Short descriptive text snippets

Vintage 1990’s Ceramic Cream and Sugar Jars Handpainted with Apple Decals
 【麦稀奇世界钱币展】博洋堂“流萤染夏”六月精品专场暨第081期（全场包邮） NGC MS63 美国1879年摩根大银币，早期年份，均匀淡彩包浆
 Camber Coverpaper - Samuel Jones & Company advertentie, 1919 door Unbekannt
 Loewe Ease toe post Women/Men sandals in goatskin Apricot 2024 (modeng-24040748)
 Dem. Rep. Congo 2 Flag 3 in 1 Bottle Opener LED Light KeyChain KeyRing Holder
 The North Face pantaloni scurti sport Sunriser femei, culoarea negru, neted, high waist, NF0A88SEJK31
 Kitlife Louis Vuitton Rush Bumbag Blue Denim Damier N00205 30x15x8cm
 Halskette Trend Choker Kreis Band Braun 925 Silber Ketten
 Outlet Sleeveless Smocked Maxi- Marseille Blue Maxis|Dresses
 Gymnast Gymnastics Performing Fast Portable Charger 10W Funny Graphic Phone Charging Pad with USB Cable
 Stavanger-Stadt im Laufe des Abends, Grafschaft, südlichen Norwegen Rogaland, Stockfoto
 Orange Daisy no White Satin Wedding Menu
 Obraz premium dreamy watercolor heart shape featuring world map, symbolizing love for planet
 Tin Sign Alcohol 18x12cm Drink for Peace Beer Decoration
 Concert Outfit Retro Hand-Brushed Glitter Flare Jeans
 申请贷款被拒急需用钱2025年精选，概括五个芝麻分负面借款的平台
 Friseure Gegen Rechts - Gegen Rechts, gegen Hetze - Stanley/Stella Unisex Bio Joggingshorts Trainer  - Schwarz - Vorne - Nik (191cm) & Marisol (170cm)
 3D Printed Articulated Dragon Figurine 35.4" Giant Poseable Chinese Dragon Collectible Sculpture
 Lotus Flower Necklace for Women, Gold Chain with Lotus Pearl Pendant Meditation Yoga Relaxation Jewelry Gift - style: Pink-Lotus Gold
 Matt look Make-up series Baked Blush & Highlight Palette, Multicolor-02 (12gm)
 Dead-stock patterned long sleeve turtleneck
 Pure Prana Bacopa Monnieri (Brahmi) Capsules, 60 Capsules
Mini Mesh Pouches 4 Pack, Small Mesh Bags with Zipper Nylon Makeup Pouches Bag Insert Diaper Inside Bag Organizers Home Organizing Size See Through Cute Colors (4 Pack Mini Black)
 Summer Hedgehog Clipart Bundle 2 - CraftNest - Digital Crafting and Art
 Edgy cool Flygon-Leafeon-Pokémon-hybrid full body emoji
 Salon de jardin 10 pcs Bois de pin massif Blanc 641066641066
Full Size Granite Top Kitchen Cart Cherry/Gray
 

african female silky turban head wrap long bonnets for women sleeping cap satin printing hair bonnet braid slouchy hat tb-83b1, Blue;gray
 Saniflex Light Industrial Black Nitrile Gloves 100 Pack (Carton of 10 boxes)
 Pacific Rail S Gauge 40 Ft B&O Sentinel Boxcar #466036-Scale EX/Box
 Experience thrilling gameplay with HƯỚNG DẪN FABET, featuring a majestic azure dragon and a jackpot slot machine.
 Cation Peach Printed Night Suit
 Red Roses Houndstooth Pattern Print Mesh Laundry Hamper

> WORK ORDER
Verbatim reproduction is required for the line holding "Pacific Rail S" and for every line after it in the records, with no other line included.

> RESPONSE BELOW
 Pacific Rail S Gauge 40 Ft B&O Sentinel Boxcar #466036-Scale EX/Box
 Experience thrilling gameplay with HƯỚNG DẪN FABET, featuring a majestic azure dragon and a jackpot slot machine.
 Cation Peach Printed Night Suit
 Red Roses Houndstooth Pattern Print Mesh Laundry Hamper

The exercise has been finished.